• **What to do**
Restate the records below word for word.

Information Start Marker

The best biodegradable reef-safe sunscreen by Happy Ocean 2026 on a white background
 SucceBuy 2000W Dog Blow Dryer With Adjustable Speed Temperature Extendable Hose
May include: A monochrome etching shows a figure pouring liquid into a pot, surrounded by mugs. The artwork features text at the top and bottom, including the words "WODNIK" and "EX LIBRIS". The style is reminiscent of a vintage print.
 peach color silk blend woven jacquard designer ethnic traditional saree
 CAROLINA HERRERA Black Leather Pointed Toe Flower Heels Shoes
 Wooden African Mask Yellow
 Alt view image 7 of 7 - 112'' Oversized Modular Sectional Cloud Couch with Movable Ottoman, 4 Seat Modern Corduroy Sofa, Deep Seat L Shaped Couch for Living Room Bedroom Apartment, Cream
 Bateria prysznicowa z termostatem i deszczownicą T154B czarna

Information End Marker

• **Answer to the exercise**
The best biodegradable reef-safe sunscreen by Happy Ocean 2026 on a white background
 SucceBuy 2000W Dog Blow Dryer With Adjustable Speed Temperature Extendable Hose
May include: A monochrome etching shows a figure pouring liquid into a pot, surrounded by mugs. The artwork features text at the top and bottom, including the words "WODNIK" and "EX LIBRIS". The style is reminiscent of a vintage print.
 peach color silk blend woven jacquard designer ethnic traditional saree
 CAROLINA HERRERA Black Leather Pointed Toe Flower Heels Shoes
 Wooden African Mask Yellow
 Alt view image 7 of 7 - 112'' Oversized Modular Sectional Cloud Couch with Movable Ottoman, 4 Seat Modern Corduroy Sofa, Deep Seat L Shaped Couch for Living Room Bedroom Apartment, Cream
 Bateria prysznicowa z termostatem i deszczownicą T154B czarna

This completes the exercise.